Since you will be keeping a reef tank, it will be critical to monitor and manage the pH, Alkalinity, Calcium, Magnesium, Nitrates and phosphates, for the health and good growth of your corals. You should plan to use RO/DI water for top-offs (replacing evaporated water) and water changes, using tap water is highly discouraged and almost certain to result in hideous algae problems. You can either get a RO/DI unit for your home and make your own, or you can likely buy it from a LFS very cheap (you just have to lug buckets to and from the store).

You should only put a couple/small few small fish in this tank, (a) its relatively small at 29 gallons, and (b) you want a reef tank, so the focus should be on the corals and inverts, as opposed to fish, plus you want to keep the nutrient levels low for the sake of the corals.


----------



## onefish2fish (Jul 22, 2008)

fixed :wink:

heres a sweet fish if your looking to only have a single guy
http://www.liveaquaria.com/product/prod_display.cfm?c=15+19+63&pcatid=63

or i suggest a pair of clowns and a goby of some sort. a goby and pistol shrimp make a good pair. if you dont go with the pistol shrimp then a skunk cleaner shrimp.
your going to want a mixture of snails for your clean up crew. these get added before fish, shortly after a diatom bloom is a good time to start adding a few snails. 
since this is your first setup, have you read about water chemistry including alk, ca and mag? understanding this cannot be skipped, esp in a reef tank. 

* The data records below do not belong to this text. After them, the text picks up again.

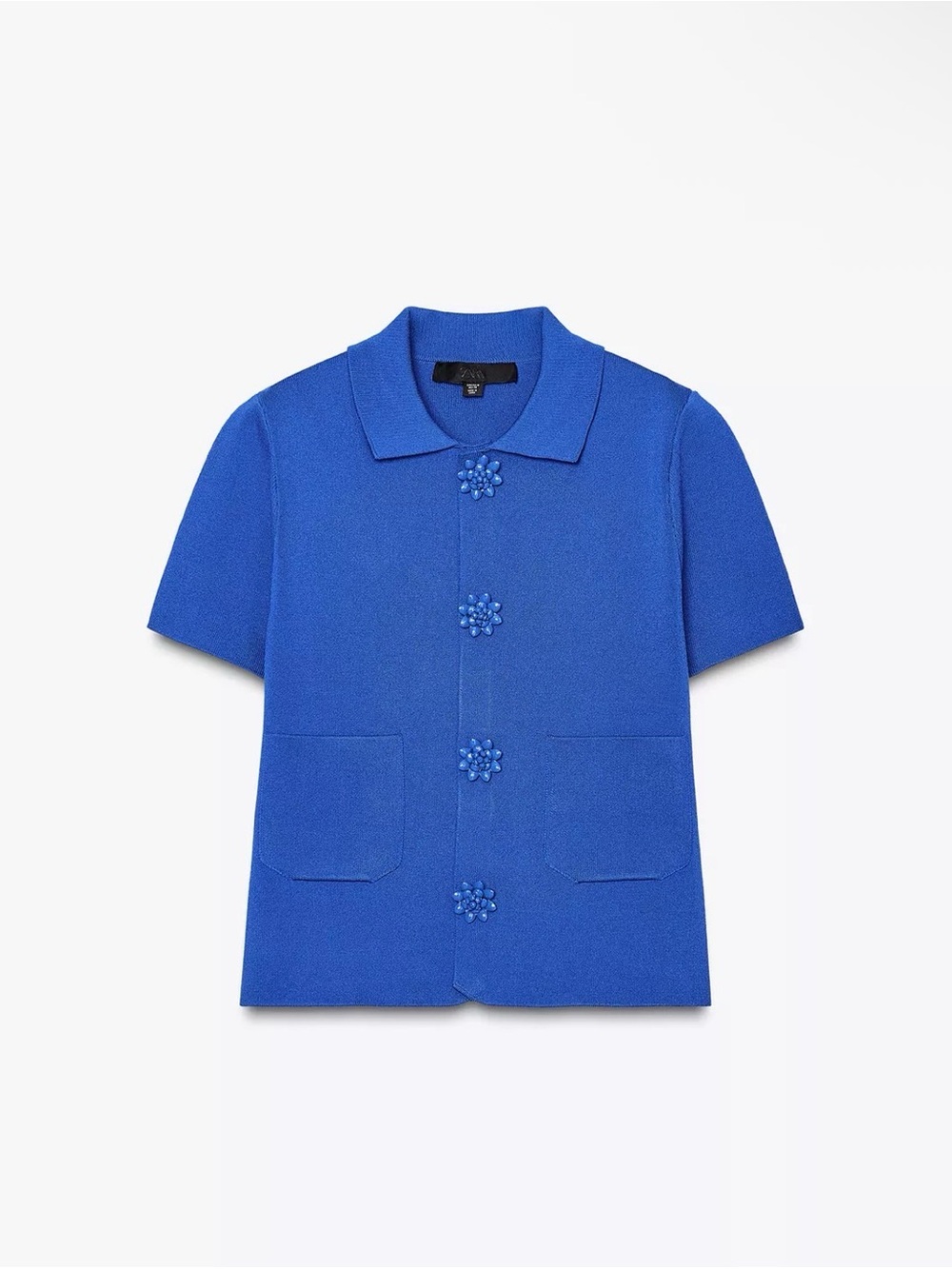 Zara BEADED BUTTON CARDIGAN TOP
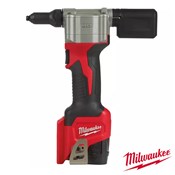 MILWAUKEE 12V AKU ZAKOVIČAR do 4.8mm, u X koferu sa 1x2Ah baterijom i punjačem (M12BPRT-201X - 4933464405)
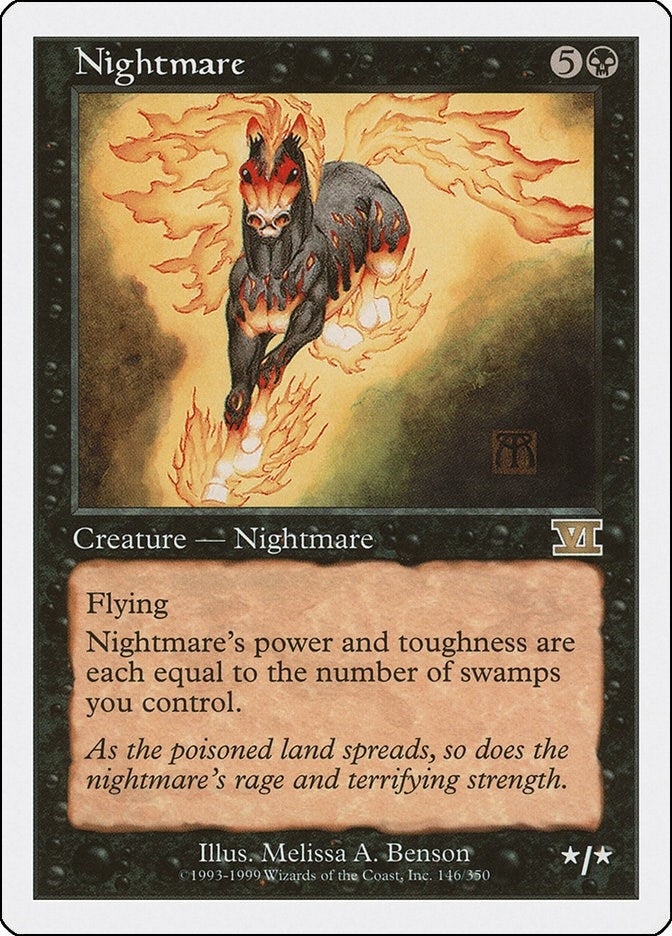 Image for Nightmare (146) [Classic Sixth Edition] - Magic: The Gathering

these come with power compact lights, correct? if this is the case you will be limited to softies. i believe there is a metal halide upgrade but you said your keeping it stock. conger the bio cubes dont have sumps but come with either a skimmer or mechanical filter of some sort depending on brand/model. which does yours come with? you may want to change the chambers into a refugium. if its the one with the skimmer i have heard they are not very effective and you prob. will want to upgrade that too.


----------